Blandina wuz more than willin' when I explained matters to her. She said she felt that men wuz such precious creeters that too much care could not be took of 'em, and that it would give her the greatest pleasure to surround her Uncle Josiah with all the care that a most devoted affection could dictate.

She's an awful clever critter, it hain't good nater that she lacks. But there is sunthin' wantin' in her, I believe it is common sense.

But we sot out, I with considerable misgivin' at heart, but calm and cool on the outside, clad as I wuz in dignity and a gray braize delaine dress and a bunnet of the same color, I also wore my costly cameo pin fastened in my linen collar. Some gray lisle thread gloves and a rich Paisley shawl completed my toot a sembly.

Blandina had on a soft yellerish dress, I guess it wuz lawn it looked most as soft as she did, and a hat that kinder drooped 'round her face trimmed with crushed strawberry roses. She also wore some open-work mitts, and a lace long shawl that had been her ma's.

Josiah had on his pepper and salt costoom, and in my partial eyes he wuz beautiful, but, oh, so sad, so deprested. Would the gloom ever be lifted from his beloved liniment? So my heart questioned itself as we helped ourselves out of the Democrat, Ury tendin' to the trunks.
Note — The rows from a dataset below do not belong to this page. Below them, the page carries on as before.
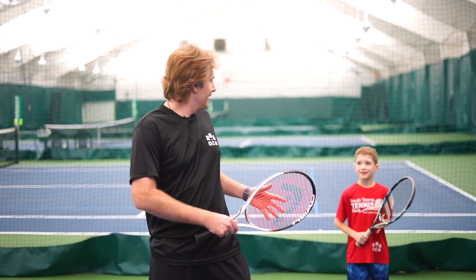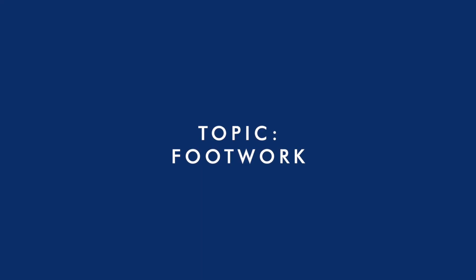Hello everyone, I'm Wojtek here with ROGACE. Mr. Conor is here to help us out and we are going to talk today about footwork 101 in tennis.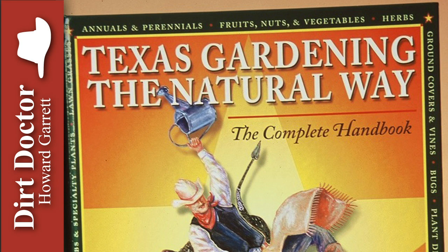Howard Garrett, the Dirt Doctor, here with some advice on healthy living. Roses are actually easy to grow and should be grown organically since they're one of the best medicinal and culinary herbs in the world. When they're loaded with toxic pesticides and other chemicals, that use is gone, or at least it should be.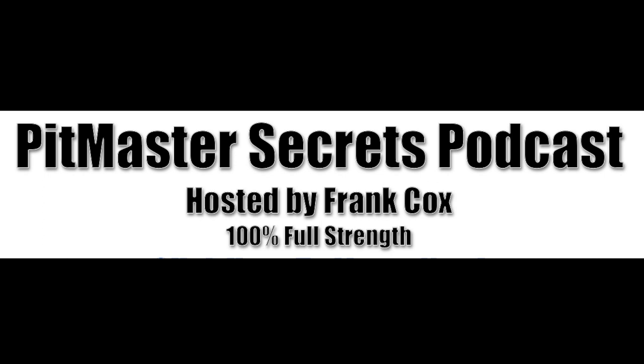You're listening to the Pitmaster Secrets Podcast. Hey guys, we're back again. Actually, I'm still here. We're doing several podcasts in a row. We had to run and get some materials today. Scott jumped in the truck with me, and we figured we might as well do something while we're driving. So here we are.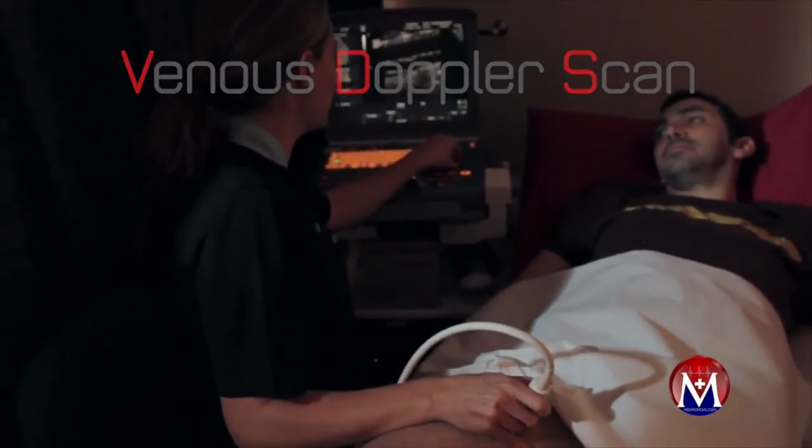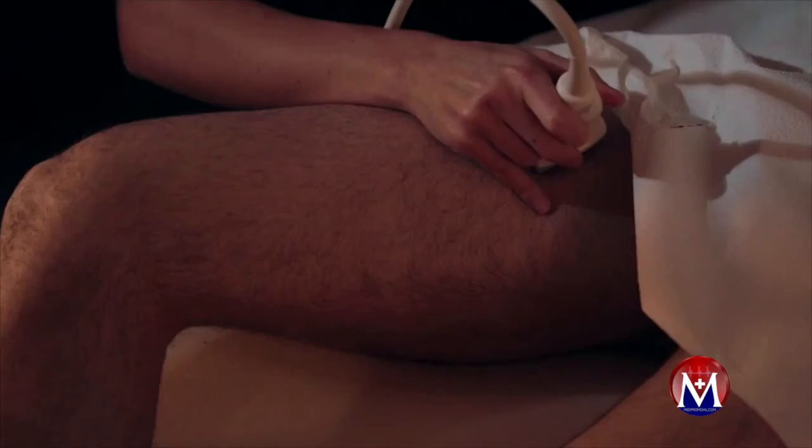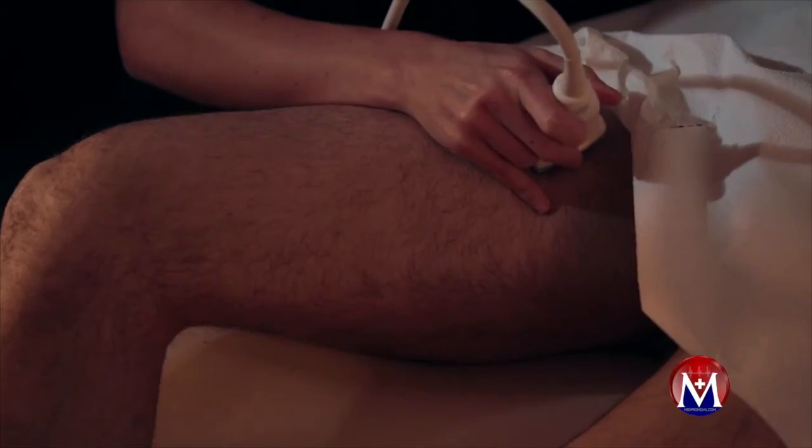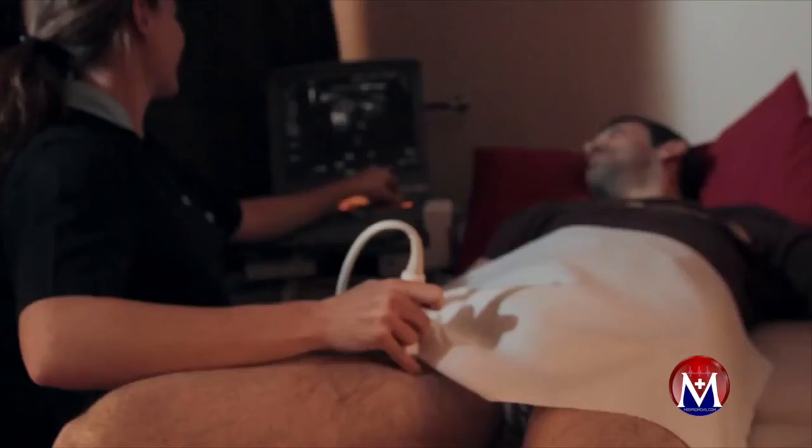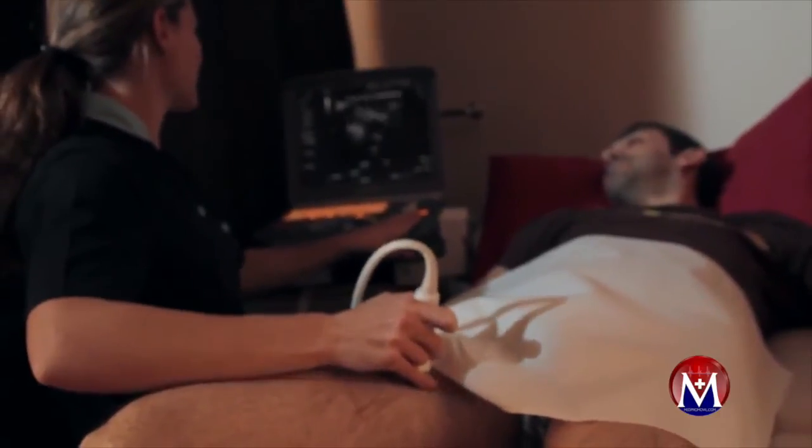The most common reason for referral for a venous ultrasound is to rule out deep vein thrombosis, usually in the arm or leg. We require a letter from the patient's GP in order to carry out the scan.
It wuz a Monday mornin', for I felt that I wanted to tackle this job jest as I would a three weeks' washin', the first day of the week. Ury shook our hands firmly but sadly, promisin' to the last to see to things and not let the cows into the garden, and keep the buttery door shet up nights, for though the cat is not a habitual snooper, yet she will sometimes snoop.

The car wuz crowded, mebby folks had hearn of our goin' and wanted to ride a spell with us. 'Tennyrate Josiah and I had to be separated at the outset of our journey, he settin' with a man acrost the aisle; Blandina got a seat with an aged gentleman while I sot down with a pale complected woman in deep mournin'. Or at least what mournin' she had wuz deep. She wore a thick crape veil and black cotton gloves. But her dress wuz chocklate delaine. The mournin' wuz borryed, she told me most as soon as I sot down.
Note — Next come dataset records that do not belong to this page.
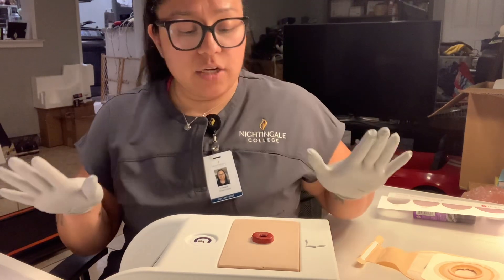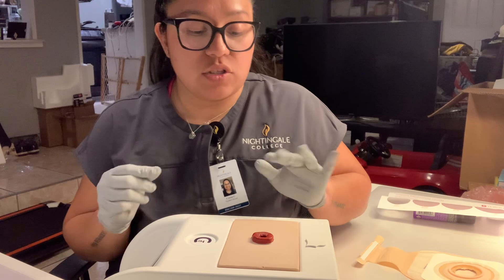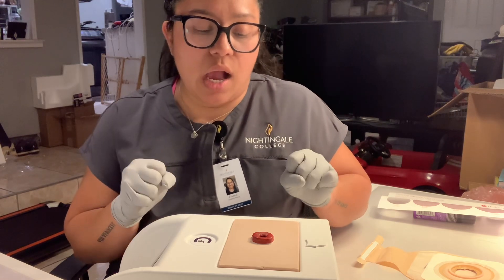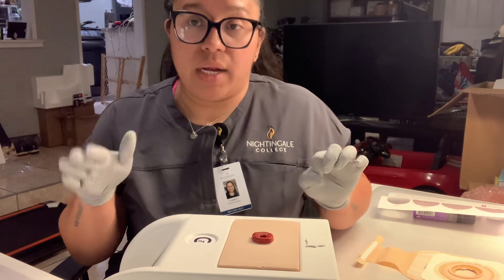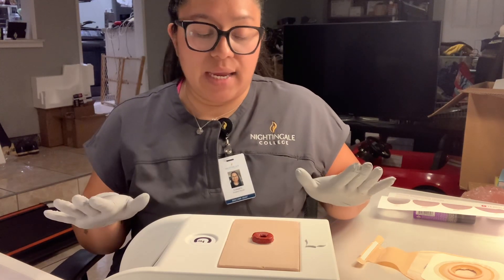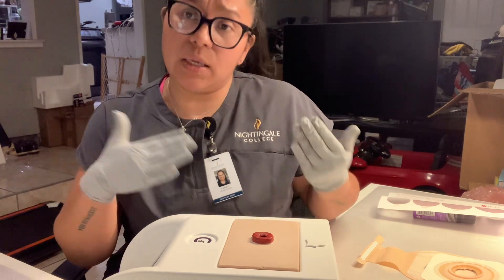Now that it's patted dry, this is the time to assess the area. We want to make sure that there's no irritation, no redness, and no discoloration around the stoma itself. The stoma itself needs to be within colors of beefy reddish. If there's any abnormality or discoloration other than beefy red, we need to let the provider know. As of now, Mr. Conde has really good skin — no irritation, no redness, and his stoma is beefy red, how we would like it to be.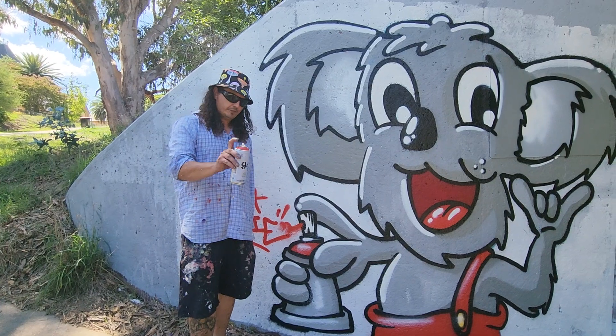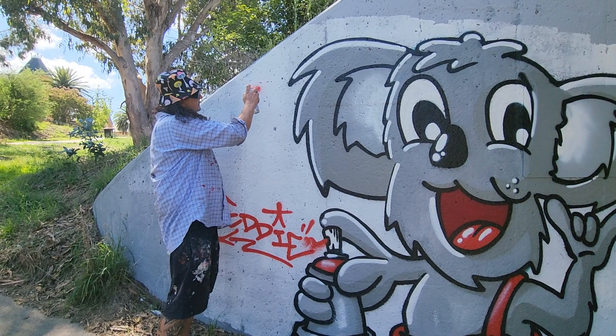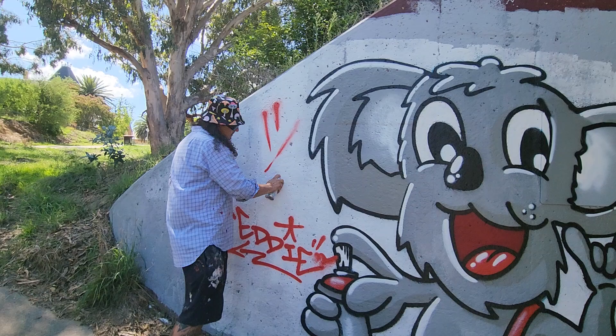My cap of choice is the New York Fat Cap, as I've pictured here. It's very versatile — you can get thick and thin lines from it. For example, when you change the distance, you can get some nice sharp lines, nice big fades, or from thick to thin.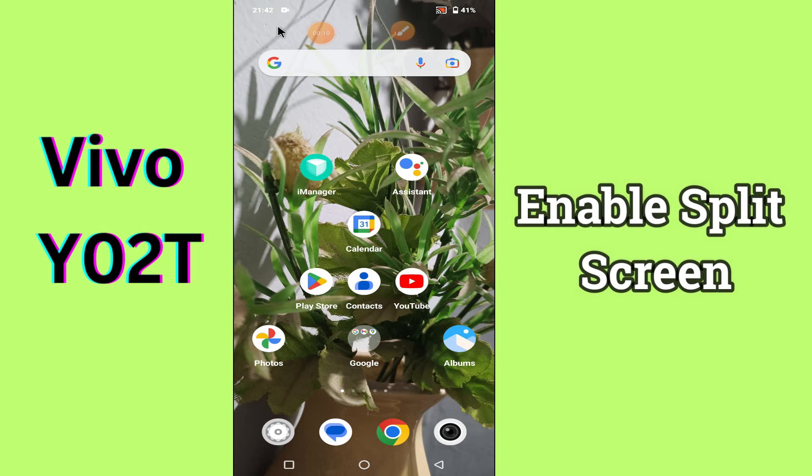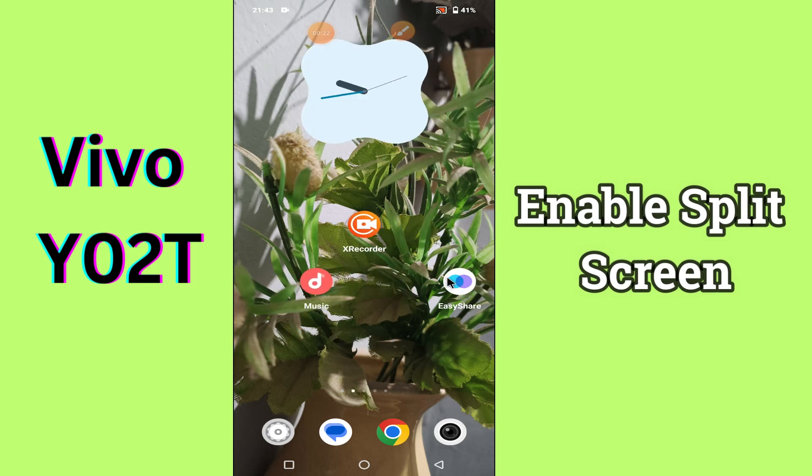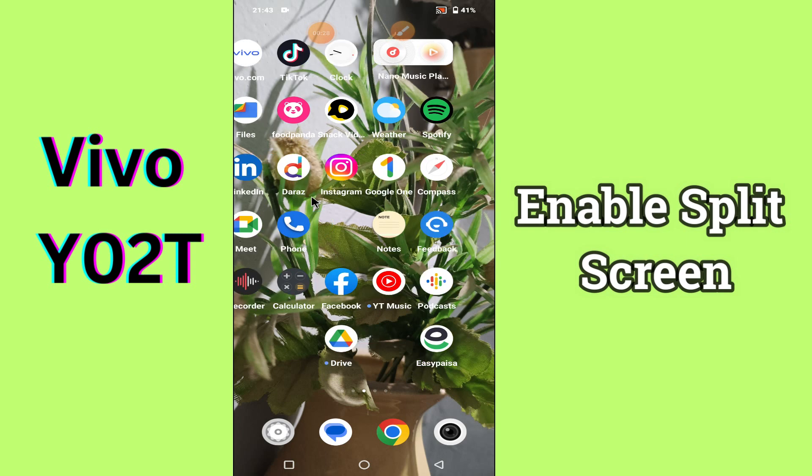What's up guys, hope you are good. Welcome back to my YouTube channel. In my today's video, I'll be sharing with you how to enable split screen in your device Vivo Y02T. But before we talk about that, if you are new to my channel, don't forget to hit the red subscribe button and the bell icon to stay updated.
She wuz on the way to the funeral of her father. He had lived with her, but died while he wuz on a visit to her sister. She wuz feelin' dretful and said she didn't know what she would do without him; she took on real bad, and I sez, "Yes, losin' a pa is an awful loss."

"Yes," sez she, "pa wuz a dretful good man. I don't see what we're goin' to do without him; we shall miss him so makin' line fences. He knew all about where they ort to stand."

I wuz kinder took back. But then come to think it over I see it wuz better to be missed in line fences than not at all. She got out at the next station, and my own pardner took the vacant seat by my side, and on and on we wuz whirled from the peaceful shores of Jonesville to the pleasures and dangers of the great city.

As I said, I wanted to get to St. Louis the first of the week, but Josiah took it into his head that he wanted to visit his nephew, Orange Allen, who lives in the Ohio, and under the circumstances it wuz not for me to cross him in anything that wuz more or less reasonable. So we stopped there and had a good visit. He keeps a dairy farm and owns forty cows besides a wife and three young children; he is doing well. His pa havin' a horticultural and floral turn of mind, named his two boys Lemon and Orange. His girls are Lily, Rose and Violet. Lily is dark complected and so fat that she looks like a pillar with a string tied in the middle, and Rose and Violet are as humbly as they make but respectable. Folks ort to be more cautious in namin' children, but they're all married quite well, and we had a good visit with 'em, stayin' most of the time at Orange's.

And I see with joy that the shadder on my pardner's face lifted quite a little durin' our stay there, but of course this belated us and we didn't git to St. Louis till Saturday late in the afternoon. St. Louis is a big sizeable place. Mr. Laclede cut the tree for the first log-house in the forest where St. Louis now stands in 1764.